Ülkemizi ve insanımızı gerçek kültürü ile tanıtmak ve Nasreddin Hoca'nın kişiliğiyle bütünleşen gülmeceyi evrenselleştirmek amacıyla, 1959 yılından beri her yıl 5-10 Temmuz tarihleri arasında Akşehir ' de bir şenlik düzenlenmektedir: Akşehir Nasreddin Hoca Şenliği. 1974 yılında uluslararası boyut kazanan şenlik, mizah ağırlığı taşımakla beraber bilim, kültür ve sanatı temel almaktadır. Etkinlikler ve özellikle de yarışmalar, mizahın farklı alanlarını içerir. Özellikle mizahın evrensel dili olan karikatür önemli bir öğe olarak karşımıza çıkar. Şenlik süresince yerli ve yabancı konuklarla, Nasreddin Hoca'yı hatırlatan ve değerlendiren söyleşiler yapılır. Ayrıca kimi ulusal, kimi uluslararası boyutta; karikatür, gülmece, öykü, fotoğraf yarışmaları düzenlenir. Halk oyunları, konserler, tiyatro gösterileri, maçlar; karikatür, resim ve fotoğraf sergileri ise, kutlamaların vazgeçilmez renkleri olarak şenlik boyunca sürer. Kent merkezinde konukların ağırlanması, turistlerin kalabilmesi için oteller, misafirhaneler bulunur. Şenlikler sırasında gerek çevre il ve ilçelerden, gerekse Türkiye'nin başka yörelerinden, hatta yurtdışından binlerce kişi Akşehir'e gelir. Medya kuruluşları; hem şenliğe katılan ünlü sanatçıları ve bilim adamlarını, hem de şenlik aktivitelerini izlemek üzere Akşehir'de buluşur.

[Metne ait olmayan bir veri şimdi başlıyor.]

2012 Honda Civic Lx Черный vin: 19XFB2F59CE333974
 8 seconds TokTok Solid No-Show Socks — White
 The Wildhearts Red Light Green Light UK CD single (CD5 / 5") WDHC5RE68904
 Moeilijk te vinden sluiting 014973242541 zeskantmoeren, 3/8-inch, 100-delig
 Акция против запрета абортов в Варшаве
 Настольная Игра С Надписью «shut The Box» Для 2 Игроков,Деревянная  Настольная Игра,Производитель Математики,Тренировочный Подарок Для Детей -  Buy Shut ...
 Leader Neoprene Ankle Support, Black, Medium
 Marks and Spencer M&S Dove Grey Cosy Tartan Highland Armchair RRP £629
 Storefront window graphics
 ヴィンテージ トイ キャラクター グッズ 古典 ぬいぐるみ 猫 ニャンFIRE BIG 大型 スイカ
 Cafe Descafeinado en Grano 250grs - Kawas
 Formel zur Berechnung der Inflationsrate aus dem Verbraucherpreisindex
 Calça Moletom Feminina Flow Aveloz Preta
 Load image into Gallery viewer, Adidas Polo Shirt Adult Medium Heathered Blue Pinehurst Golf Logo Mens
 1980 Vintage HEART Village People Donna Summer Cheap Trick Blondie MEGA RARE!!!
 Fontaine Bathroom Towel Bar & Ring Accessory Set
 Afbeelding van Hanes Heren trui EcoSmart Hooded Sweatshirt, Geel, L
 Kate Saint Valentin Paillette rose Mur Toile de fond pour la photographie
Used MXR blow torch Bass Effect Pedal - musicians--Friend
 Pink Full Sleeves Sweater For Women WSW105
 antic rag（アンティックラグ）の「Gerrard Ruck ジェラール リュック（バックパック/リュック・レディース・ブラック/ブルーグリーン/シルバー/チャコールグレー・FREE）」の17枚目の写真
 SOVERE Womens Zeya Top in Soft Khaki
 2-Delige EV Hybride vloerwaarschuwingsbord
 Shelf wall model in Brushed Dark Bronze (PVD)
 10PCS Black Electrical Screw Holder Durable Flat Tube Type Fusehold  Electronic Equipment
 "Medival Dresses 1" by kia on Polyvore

Geçtiğimiz yıl, ünlü bakırcılara yaptırılan, altı metre çapında, dört metre yüksekliğindeki "Dev Kazan" şenliklere damgasını vurmuştur.

Guiness Rekorlar Kitabı'na girmeye aday kazanan, Temsili Nasreddin Hoca Erol Günaydın, yoğurt mayalamış ve binlerce ziyaretçi Hoca'nın yoğurdundan tatmıştır. Bu olay, 700 yıllık Nasreddin Hoca gülmecesinin, 21. yüzyıla girerken Akşehirli torunlarının ince zekâlarıyla yeniden yorumlanmasına örnek oluşturmuştur.




 
harbi bu nasreddin hoca'nın resimleri fıkraları falan da ABD'de falan baya bi tutulmuş:)
 

Antony Costa

Cappadocian Glorian Boy
artık eskisi gibi fıkralarını dinleyemiyoz yaaa...artık yaş 18 birazda +18:D

anlatan yok bu fıkraları eskisi gibi...
 

ser_ipek

New member
Değerlerimize sahip çıkalım yoksa bazı ülkeler bizim değerlerimizi kendilerininmiş gibi gösterip Dünyaya öyle tanıtıyorlar.Bu arada Nasrettin Hocayı anlattığın için çok teşekkür ederim.